O início da vacinação contra a COVID-19 é um marco inegável na história da investigação médica. Nunca, em tão pouco tempo, tinha sido possível criar, avaliar, produzir e distribuir uma vacina para uma pandemia com a extensão e a complexidade da que estamos a viver. A comunidade científica de muitos países concentrou-se completamente neste trabalho e teve, para tal, o respaldo pleno das autoridades sanitárias. A indústria farmacêutica teve na dimensão e no dramatismo da pandemia uma garantia de retorno certo do seu investimento. Os Estados não pouparam recursos na reserva de aquisição de toda a produção de vacinas. E, em menos de um ano, fomos da descoberta do vírus à administração de vacinas contra ele.

O lado luminoso deste passo tem um reverso. Enquanto para a COVID-19, que destrói vidas e economias no mundo desenvolvido, foi possível mobilizar dinheiro, trabalho científico, capacidade organizativa e apoio político para conseguir em tempo record uma vacina, para doenças como a malária, o dengue ou o ébola, que causam mortes no mundo pobre, continua a prevalecer a falta de uma resposta adequada. 

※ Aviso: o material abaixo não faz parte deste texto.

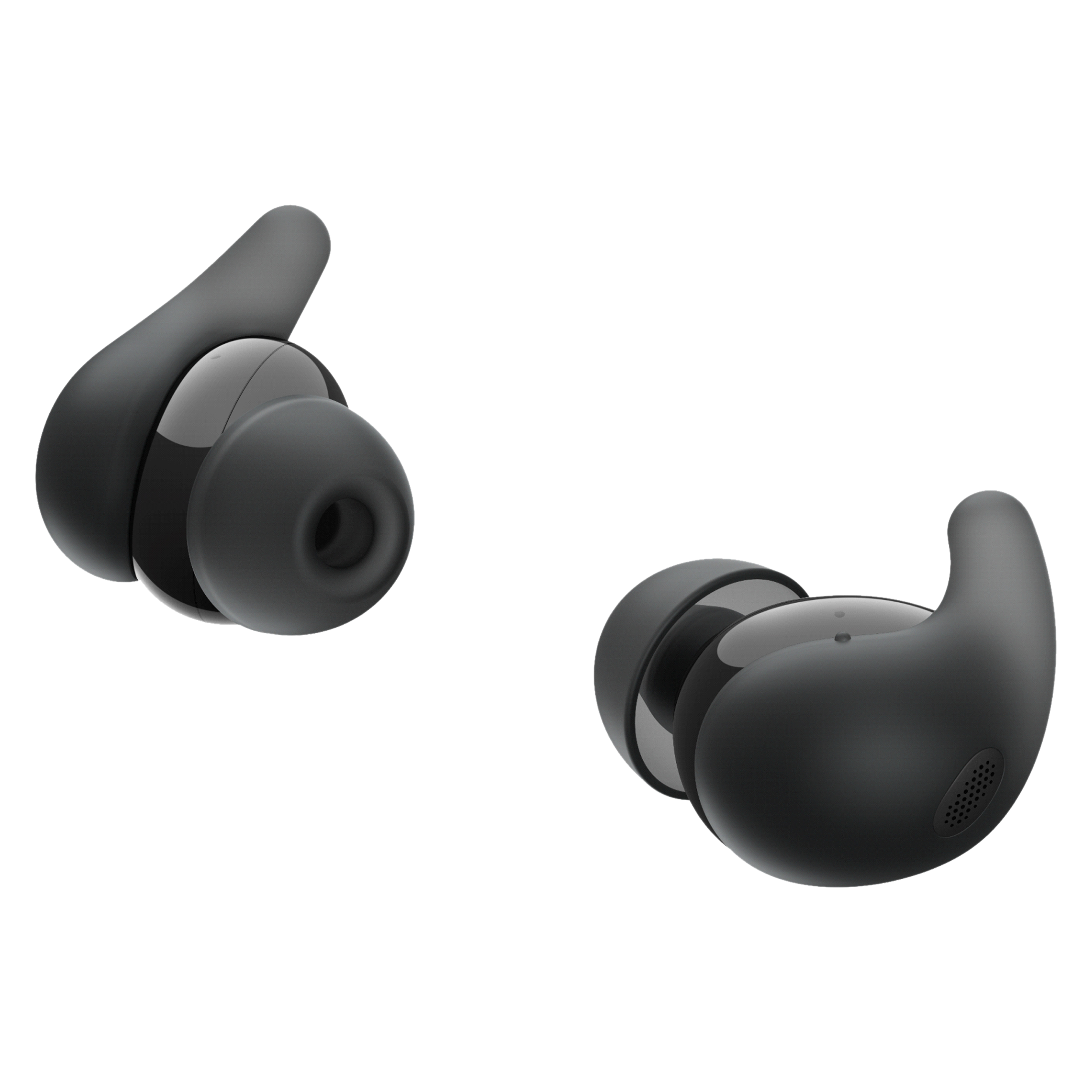 SONY LinkBuds Fit WF-LS910N TWS Earbuds with Active Noise Cancellation (IPX4 Water Resistant, Quick Charge, Black)_5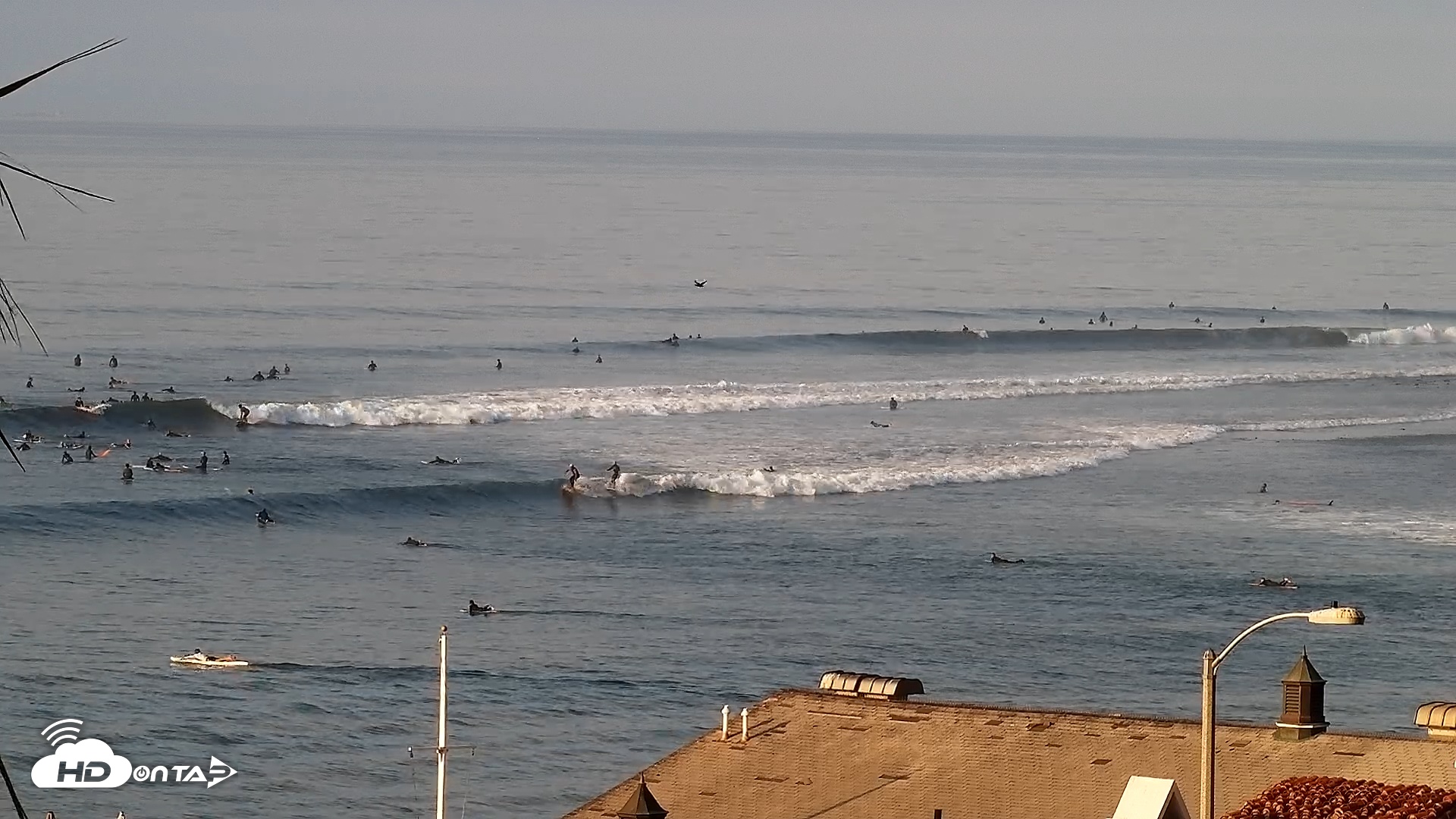 Snapshot of Malibu Point Live Surf Cam taken Jul 18, 2025, 7:21am PDT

Sim, há uma economia política da saúde global e a desigualdade é a sua marca definidora. A negligência é a extensão operativa dessa desigualdade. Doenças de primeira e doenças de segunda, doenças que mobilizam resposta e doenças negligenciadas. Negligenciadas pela indústria, invocando que não geram mercado de dimensão e consistência suficientes para pagar o investimento em vacinas. Negligenciadas pelos poderes políticos porque as vítimas não têm voz nem geram pressão sobre as economias. Negligenciadas pelos meios de comunicação deste lado do mundo porque o que se passa longe, longe fica.

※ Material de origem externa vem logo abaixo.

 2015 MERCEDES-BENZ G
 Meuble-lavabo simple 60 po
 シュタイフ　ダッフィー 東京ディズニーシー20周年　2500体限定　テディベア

Sobre esta desigualdade assenta a construção das pandemias como realidades que vêm do Sul pobre para o Norte rico e que são, por isso, ameaças “ao nosso modo de vida”. A perfídia de Trump ao classificar o sars cov 2 como “vírus da China” é apenas uma expressão chico-esperta desse entendimento partilhado a Norte de que as pandemias são coisas da miséria que importa conter antes que cheguem às avenidas das nossas cidades. Enquanto o ébola matar, na Libéria ou na Serra Leoa, e a malária dizimar, em Moçambique, na Nigéria ou no Congo, os esforços para os combater continuarão a ser lentos demais e isolados demais, sem qualquer comparação com a mobilização política e científica, com o investimento e com a rede de entendimentos que propiciou este feito singular, que foi a administração da vacina contra a COVID-19 dez meses depois da declaração de pandemia.